We visited Yithion and Kataklon on mainland Greece taking a trip to Olympia and saw the original Olympic stadium. After a day at sea we stopped at Taormina on Sicily where Mt Etna smoked nearby. From there we sailed through the famous straights of Messina shortly after sunset and then on to Palermo where Allied troops stormed ashore in the WWII invasion of Italy.


After Palermo we spent two full days at sea on our way to the Balearic Islands where our first port was Palma de Mallorca. During this time I ventured out on the bowsprit of the Star Flyer where the following photos were taken. The one of me on the bowsprit speaks for itself, but doesn’t really convey the thrill of being suspended above the sea some fifty feet in front of the bow of the ship watching the prow breaking the waves.
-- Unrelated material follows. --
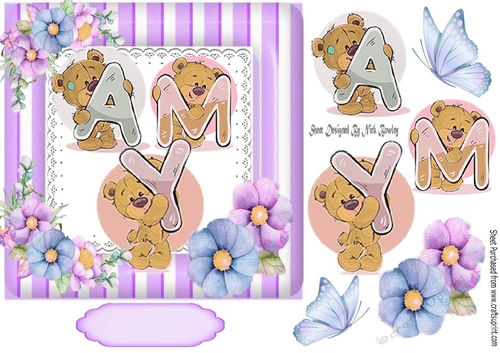 Lovely Teddies name AMY In stripe purple 7x7 frame with flowers
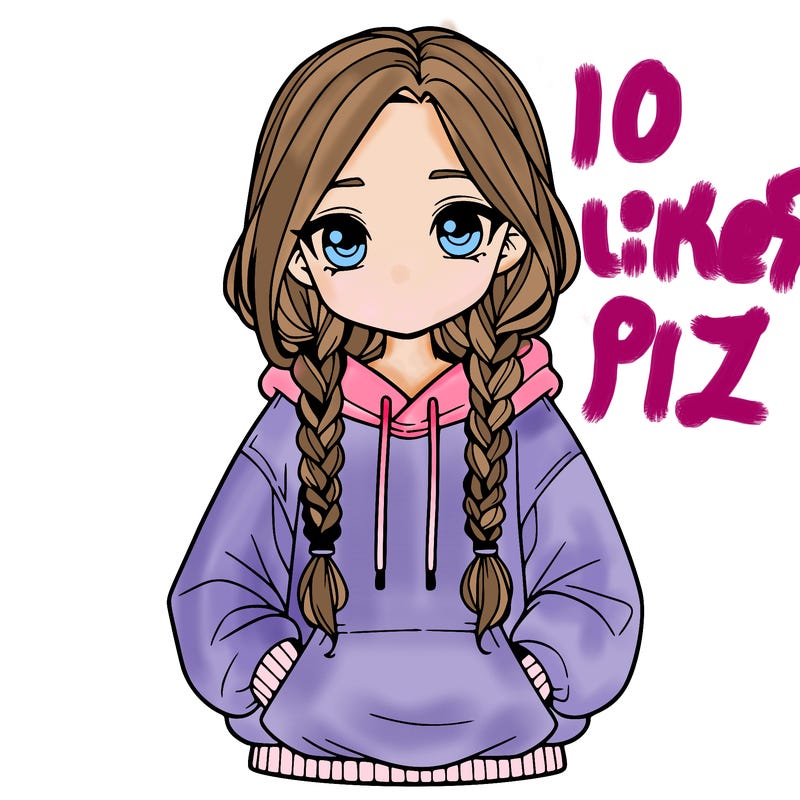 a realistic girl with a oversized hoodie and she has braids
I went back and got the camera from Daphne and took several spectacular photos of the ship from my perch on the bowsprit. The wide angle shot shows the entire ship under sail, the prow splashing through waves. The third ship photo, Daphne on the foredeck, provides another view from the bowsprit. The thrill of sailing on such a ship was overpowering.

Ho rides the bowsprit of the Star Flyer on a bright day in the Mediterranean

The Star Flyer beats through the waves at about eighteen knots - from the bowsprit


Daphne watches cautiously as I take her photo from the bowsprit

We go back aboard the Star Flyer from our mooring in Palma de Mallorca.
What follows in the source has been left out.